[Vision2020] Tibetan Fight for Freedom

Chasuk chasuk at gmail.com
Fri Mar 21 02:09:07 PDT 2008


On Fri, Mar 21, 2008 at 12:32 AM, Garrett Clevenger
<garrettmc at verizon.net> wrote:

>  In the meantime, the US has interfered with world
>  affairs for almost 100 years, intensively for the last
>  50. Currently we influence more countries than any
>  other country and it doesn't seem like we will be
>  stopping any time soon.

This is true.  However, we only interfere (1) when it indisputably
benefits us, (2) when we know (or believe firmly) that we will win, or
(3) when we won't get caught until it is a later administrations
problem.

>  Serving China and owing them lots of money is not in
>  our best interest.  We are only empowering them by
>  letting them get away with their abuse, not only of
>  Tibetans and other folks in China, but with selling us
>  poisoned products.

We aren't "letting" them get away with anything.  China has us over a
barrel.  They know that our greed will prevent us from harming trade
relations.  They also know that, if it ever came to a military
conflict, we would wave a white flag.  China would casually sacrifice
300 million people to best us.  Personally, I would rather eat Chinese
food every day for the rest of my life than get involved in WWIII.

Dying to appease political machinations is not winning.

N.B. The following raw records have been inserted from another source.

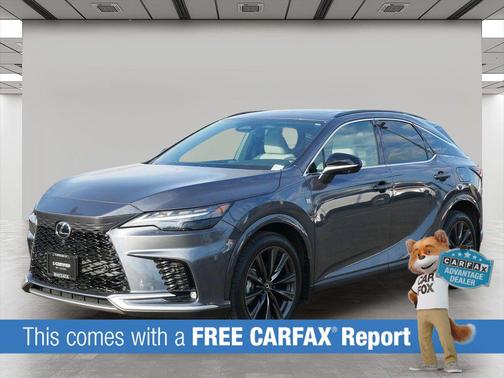 Cloudburst Gray 2025 Lexus RX 350 F SPORT Design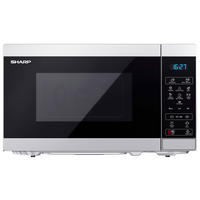 Sharp Mikrowelle weiß Glas B/H/T: ca. 44x25,8x32,4 cm Mikrowelle YC-MS02E-S Sharp - weiß (44,00/25,80/32,40cm) - Sharp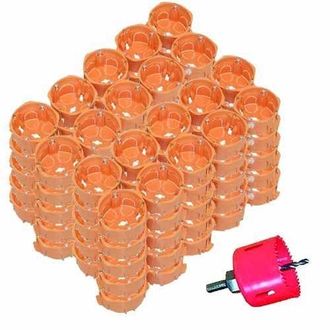 Capri Capri Cajas De Derivaci&oacute;n Pro Naranja 250 Unidades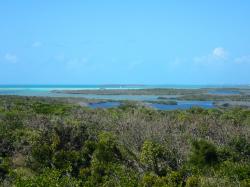 View from Ragged Island toward Hog Cay
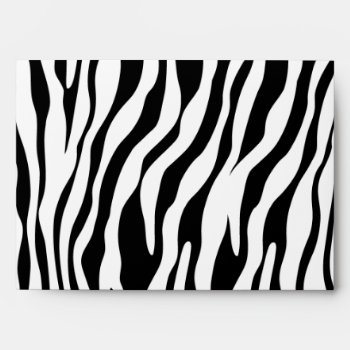Black And White Zebra A7 Greeting Card Envelopes by stripedhope at Zazzle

>  What better way for them to
>  destroy their enemy then to sell us cheap crap that is
>  unhealthy for us while gaining hundreds of billions of
>  dollars a year selling that same stuff?  It's a
>  brilliant scam and we are letting it happen today.

The Japanese used to sell us "cheap crap."  We bought it anyway, while
mocking it, because we are cheap.  Now the Japanese sell us a large
percentage of our aspirational merchandise.  This will happen
eventually with the Chinese.  After that, India will likley fill the
void.  After India, I have no idea.  Hopefully, by that time, we will
have peacefully discovered a better philosophy than "He/she who can
afford the most cheap crap wins."

>  I believe we are better off standing up for our
>  principles then bowing down to another country in fear
>  that they may harbor resentment against us and take it
>  out on us if they someday become the next superpower.
>  We will have little sympathy from the world if we are
>  seen as hypocritical and corrupt.  We are better off
>  unifying the world through strengthening our ideals
>  amongst all people, as that seems like the best
>  long-term strategy to insure stability.

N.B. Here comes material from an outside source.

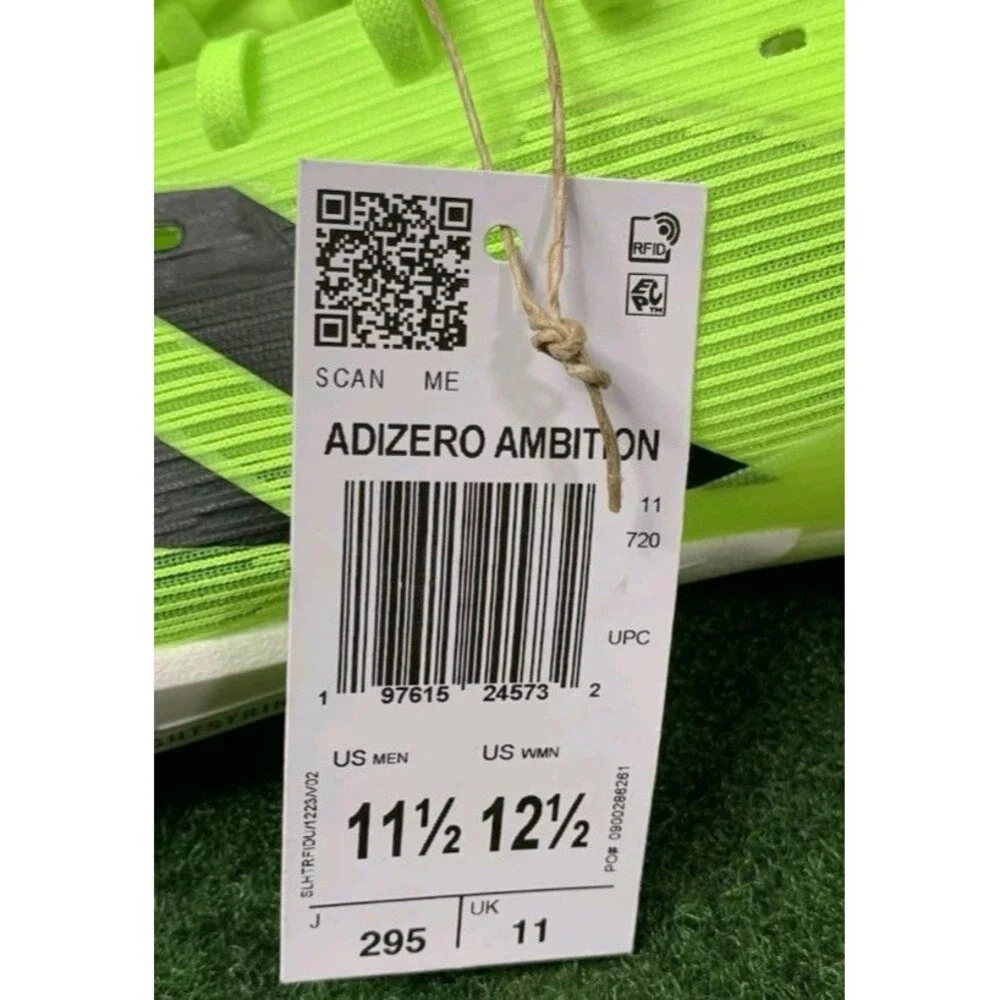 Adidas Adizero Ambition Lucid Lemon Track Spikes IH5798 Mens 11.5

Nations don't have principles.  People do.  Unfortunately, these
principles are discarded for jingoism and expedience when those people
metamorphosize into politicians.  Our government will stand up for our
principles when it needs a war to invigorate our economy, or to win an
election.

The world already sees us as hypocritical and corrupt.  Not as
individuals, but as a nation.  People outside of the US generally like
USians..  But they pity us for our government.  Talk to almost anyone
in the EU and they are amazed that nice, seemingly intelligent people
voluntarily suffered Bushco.  Bushco defines hypocrisy and corruption
for a large chunk of the world.

We don't disagree as much as it might seem.  I value freedom.  I would
sacrifice a lot to preserve freedom for other people, not just USians,
but boycotting the Olympics and Chinese goods would not achieve that.
As long as 99% of my countrymen are chasing cheap goods, we are stuck.
 I will not make any sacrifice at all just to maintain our inflated
standard of living.  Freedom, to me, does not equate to "freedom of
conspicuous consumption," or "freedom to have more toys than my
neighbors."  That isn't worth dying for.  Divorce the hedonism from
the real freedoms, and then we can talk.  But that is unlikely to
happen, either.  The American PR machine as been very successful in
promoting capitalism.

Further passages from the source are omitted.